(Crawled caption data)
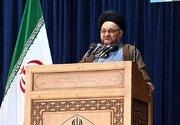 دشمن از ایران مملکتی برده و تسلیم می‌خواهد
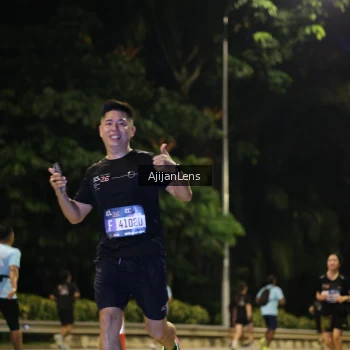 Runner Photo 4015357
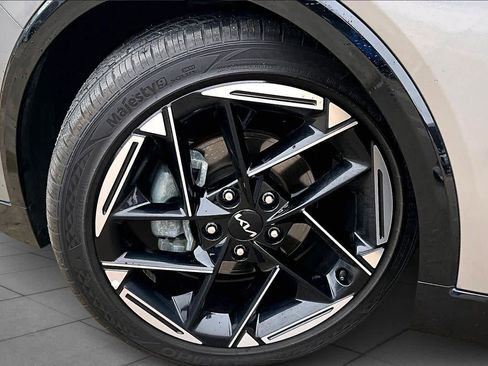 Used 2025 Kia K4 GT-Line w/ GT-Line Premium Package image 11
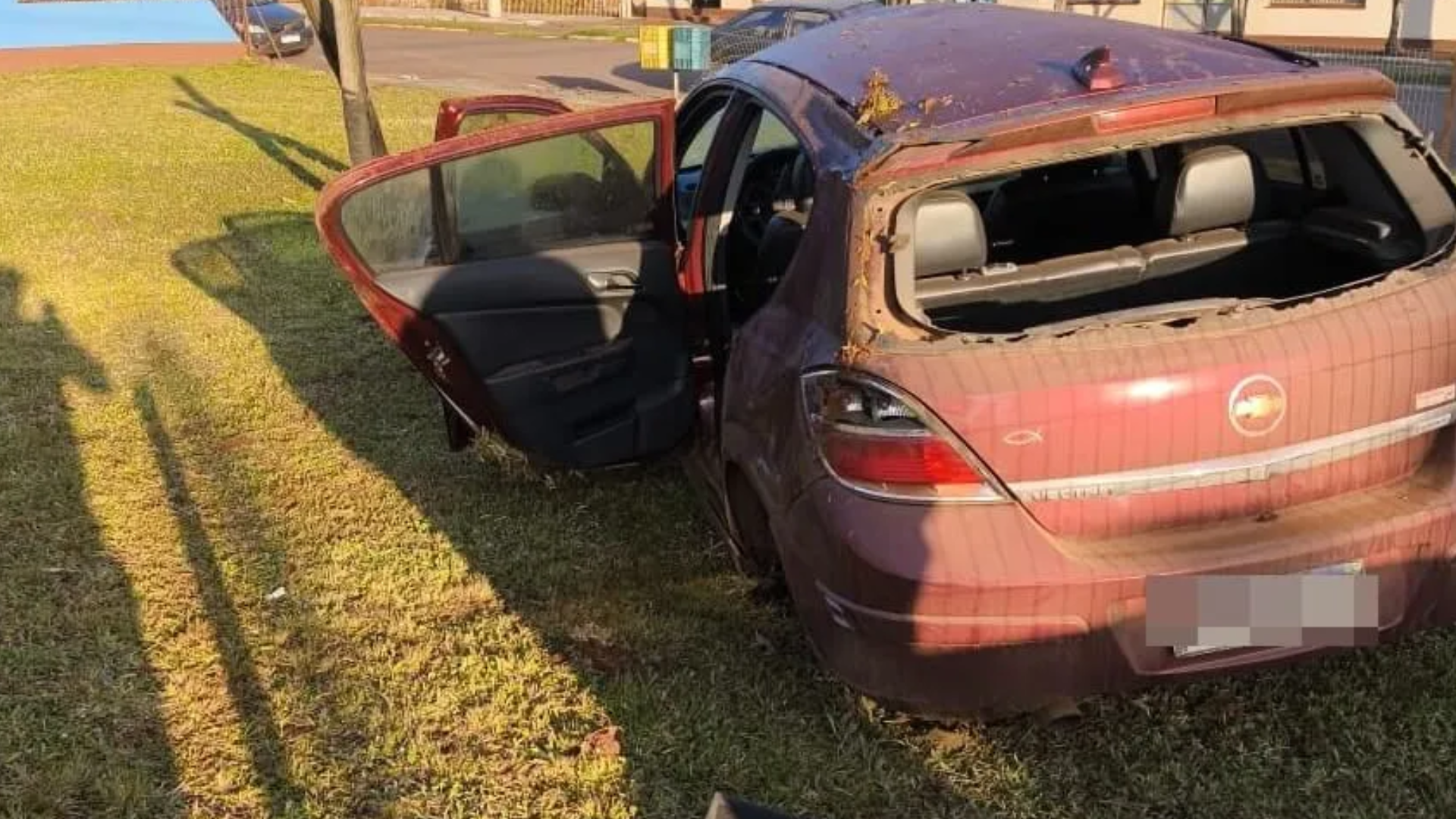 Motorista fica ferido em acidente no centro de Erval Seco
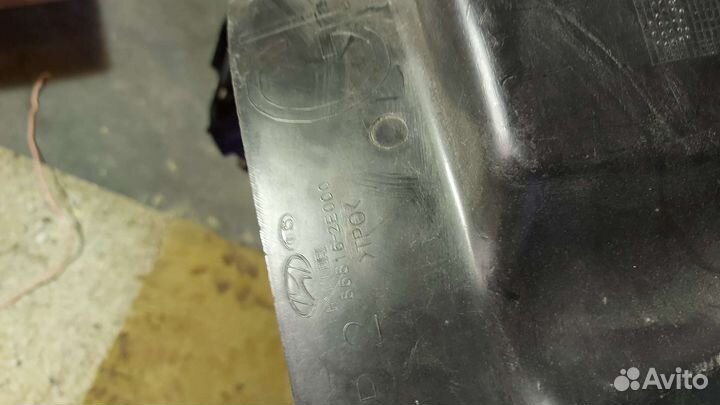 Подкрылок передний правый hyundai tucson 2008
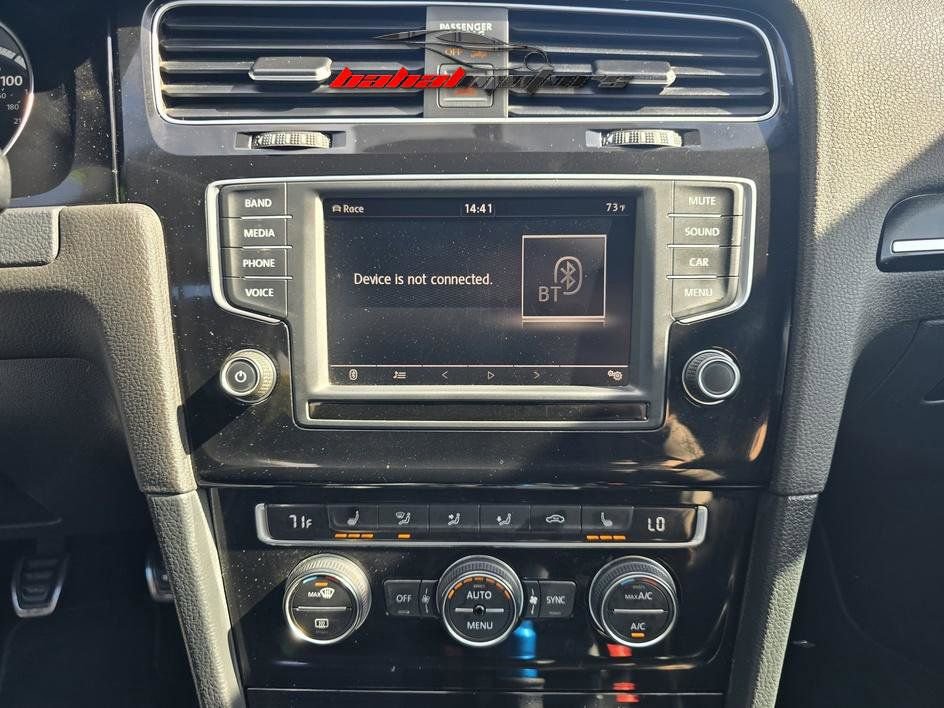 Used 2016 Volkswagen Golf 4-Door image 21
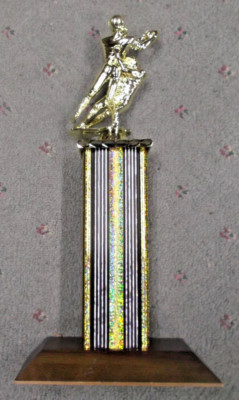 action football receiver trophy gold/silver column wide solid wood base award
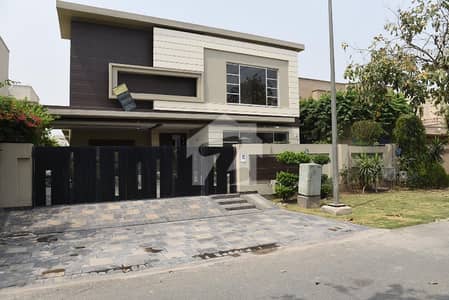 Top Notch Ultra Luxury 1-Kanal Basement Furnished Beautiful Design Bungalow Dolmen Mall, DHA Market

ASSIGNED TASK
Pictures excluded, return exactly the lines from the one with "Motorista fica ferido" through the final line of the entries above, both included.

EXERCISE RESPONSE
 Motorista fica ferido em acidente no centro de Erval Seco
 Подкрылок передний правый hyundai tucson 2008
 Used 2016 Volkswagen Golf 4-Door image 21
 action football receiver trophy gold/silver column wide solid wood base award
 Top Notch Ultra Luxury 1-Kanal Basement Furnished Beautiful Design Bungalow Dolmen Mall, DHA Market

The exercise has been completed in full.